This reduction in metal concentration, in addition to the lower viscosity of the solution, leads to less dragout and wastewater treatment and therefore a cost reduction in the plating process. Trivalent chromium baths, as a result of their excellent throwing power, also produce fewer rejects and allow for increased rack densities in comparison to hexavalent chromium. While trivalent chromium plating has a number of advantages, the system also has a drawback. Specifically, it is difficult to achieve the color of a hexavalent chrome deposit at the same plating rate as hexavalent chrome when utilizing a trivalent chromium electrolyte.
Present trivalent chromium systems either provide a color similar to that of hexavalent chromium at a slower plating rate or a slightly darker color at a plating rate comparable to hexavalent chrome. Development of a trivalent chromium plating solution that could overcome both of these weaknesses is ongoing and crucial if trivalent chromium is to be considered a valid alternative to hexavalent chromium.
Just as different electrolyte options exist for hexavalent chromium plating, so do similar choices exist for plating trivalent chromium. Trivalent chromium processes utilize either a sulfate or chloride-based electrolyte. A comparison of these systems can be seen in Table III.
|System 1||System 2|
|Anode Type||Carbon||Coated Titanium|
|Purification||Ion Exchange||Dummying, chemical|
|Deposit Purity||Lowest||Between 2||Highest|
Sulfate-based systems plate a deposit of higher purity, which leads to better corrosion protection and a color closer to that of hexavalent chromium. The chemistry of sulfate-based systems is also less corrosive, which prevents deterioration of the plating environment and unplated component areas. Chloride-based systems are capable of plating deposits at a rate similar to that of hexavalent chrome. However, the color is typically darker than hexavalent chrome due to the additives required to achieve the fast plating rate. Chloride systems also utilize graphite (carbon) anodes, which are much less costly than the coated titanium anodes required to operate the sulfate-based trivalent systems.

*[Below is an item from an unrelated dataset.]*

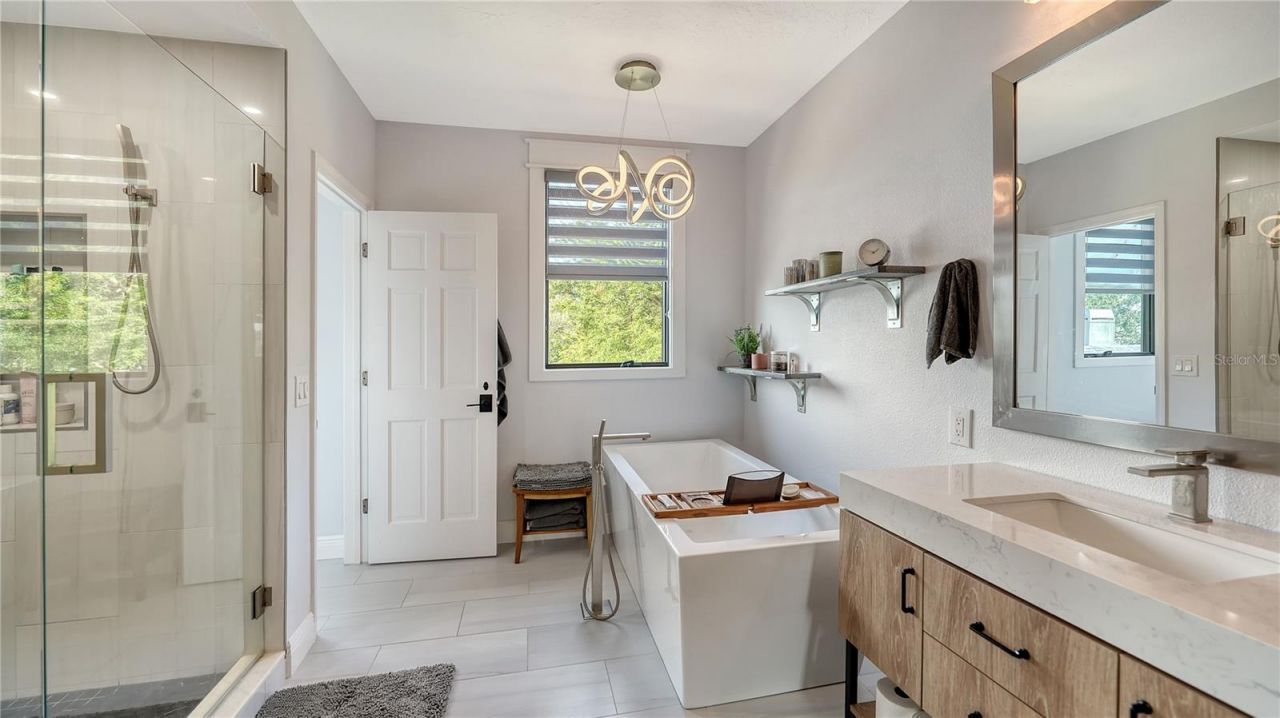 7418 Westmoreland Drive, Sarasota, FL 34243 Photo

Equipment and solution maintenance. Trivalent chromium plating solutions operate with equipment similar to that used with hexavalent chromium chemistries. In the event that a plating tank is to be converted from hexavalent to trivalent, all new equipment should be installed to ensure that no contamination of the trivalent chromium solution will occur.

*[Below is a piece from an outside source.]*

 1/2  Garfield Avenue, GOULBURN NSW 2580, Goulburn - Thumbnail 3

Trivalent chromium solutions should be installed in tanks lined with either PVC or polypropylene. Titanium coils, or titanium-clad, silica-cased or Teflon electric immersion heaters should be used. Continuous filtration is recommended, and carbon (graphite) or coated titanium anodes are required depending on the chemistry.
Plating bath analysis involves regular assessment of the chromium, conductivity salt and complexor concentrations, as well as pH and specific gravity. Ampere-hour dosing of the replenishment components can be utilized for easier operation.

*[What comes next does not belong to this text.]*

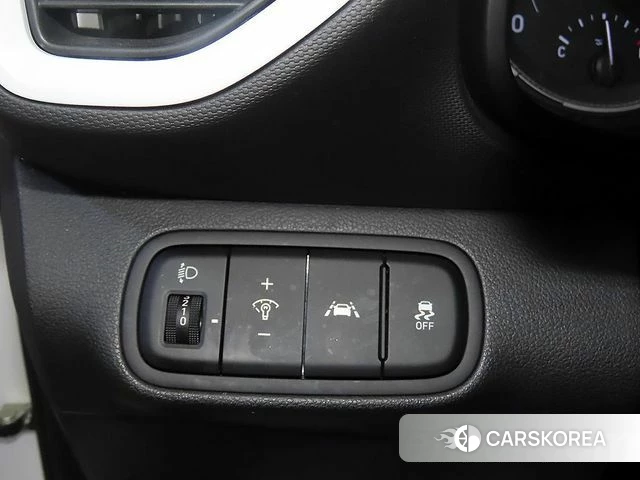 Hyundai Venue 2019 Белый из Кореи, фото 5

Dark trivalent coatings. Dark coatings are becoming ever more popular in the industry today. The appearance of a dark and shiny finish that can withstand the testing criteria of hexavalent chromium is desired for many applications, and dark trivalent chromium solutions exist that meet both appearance and technical requirements. Many OEMs have incorporated these finishes into their product offerings as a result. These solutions exhibit excellent covering and throwing power, consistent color at a wide range of current densities and the advantage of low-metal operation in comparison to hexavalent chromium. These coatings are capable of exceeding 96 hr of copper-accelerated acetic acid salt spray with no notable change to deposit appearance. These coatings also have an advantage over hexavalent chrome in that they are resistant to calcium chloride corrosion, or Russian Mud.
Hard-chrome plating is normally described as the application of an electroplated chrome deposit with a thickness of greater than 0.0002 inch. Hard-chrome deposits are normally plated to a thickness of 0.0005–0.01 inch, although in theory almost unlimited thicknesses can be achieved.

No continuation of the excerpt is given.